Analysts polled by Reuters had forecast annual growth of 6.4 per cent in the quarter. The economy has also broadly moved past the disruptions encountered after a shock ban on high-value banknotes in November 2016, economists said.

"Perhaps the impact of two very significant structural reforms - demonetisation and the GST is now behind us," Finance Minister Arun Jaitley told reporters after the release of data.

"Hopefully, in the coming quarters we can look for an upward trajectory." Economic growth picked up from 5.7 per cent in April-June, but lagged China's 6.8 per cent and the Philippines' 6.9 per cent for the three months through September.

Many private-sector economists expect faster growth in the current quarter and January-March as consumers and businesses step up spending and the global recovery gains traction.

Thursday's data showed that the manufacturing sector grew 7 per cent in the September quarter compared with 1.2 per cent the previous quarter, as companies build up stocks ahead of the festival season.

Earnings for major Indian companies rose at their best pace in six quarters during July-September, according to Thomson Reuters Eikon data, showcasing how profits are finally looking up after a prolonged spell of sluggish growth.
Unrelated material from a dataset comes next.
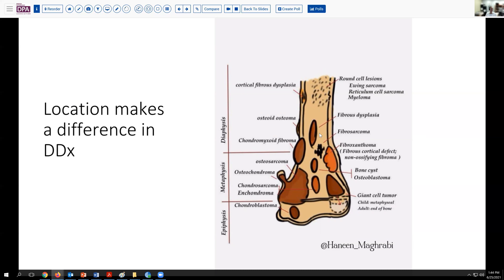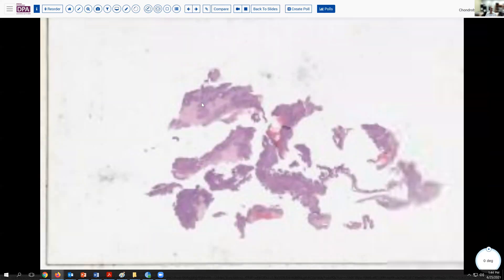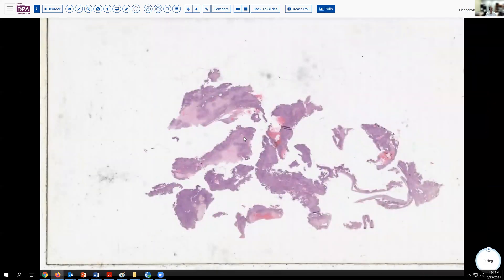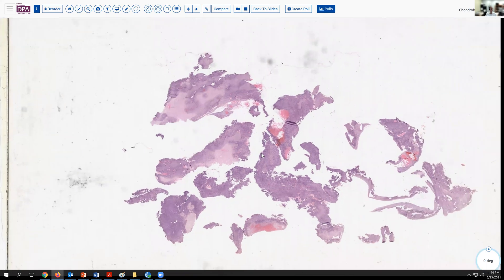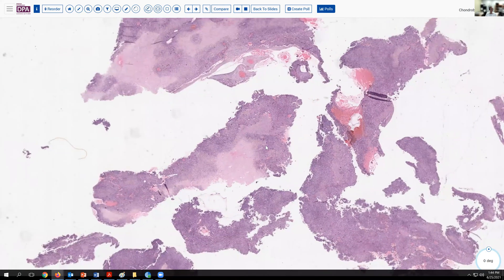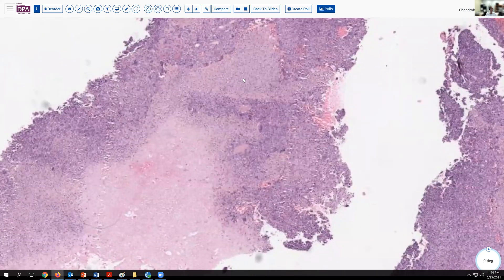Other processes can involve the epiphysis and are important considerations as well — it's not just tumors we're concerned about. Bone cysts can be in both locations. Infection certainly can be in both locations, and those enter into the consideration as well. So let's jump and take a look at what the slides look like for this patient. Here we see some nice curettage material with some variable pink and blue areas that jump out at us.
On Nov 17, Moody's upgraded India's sovereign credit rating for the first time in nearly 14 years, saying continued progress on economic and institutional reforms would boost its growth potential.

The agency expects the economy to grow 6.7 per cent in the fiscal year ending March 31, and 7.5 per cent the following year.

Mr Modi's administration hopes the ratings upgrade can attract more foreign investors, who pumped US$15 billion into Indian equities in July-September, up 44 per cent from the previous quarter.

The main NSE share index is up 25 per cent in 2017.

Analysts said the Monetary Policy Committee of the Reserve Bank of India, which left the repo rate unchanged at 6 per cent last month, could hold rates when it meets for a policy review next week.

"We expect RBI to remain on pause in December and February, given upside risks to inflation as well as the fiscal deficit," said Sumedh Deorukhlar, economist, BBVA in Hong Kong.

Rising oil prices and a gradually tightening global rates environment pose new risks, he said.

The world's seventh largest economy, which grew at more than 9 per cent a year from 2005 through 2008, is still far from firing on all cylinders. Domestic demand and private investment remain weak.

Analysts said the growth pick-up could have been sharper if not for a slowdown in government and consumer spending.

Government spending slowed in the quarter, growing just 1.3 per cent year-on-year compared with near 17.2 per cent year-on-year growth in the June quarter.

Annual growth in consumer spending, which powers more than half of the US$2.3 trillion economy, slowed to 1.5 per cent in the September quarter from 6.7 per cent in the previous quarter.

After front-loading state spending in the fiscal year's first half, Finance Minister Jaitley has limited room to spend amid slowing revenue growth.

India reported a fiscal deficit of US$81.36 billion for April-October, or 96 per cent of the budgeted target for the fiscal year.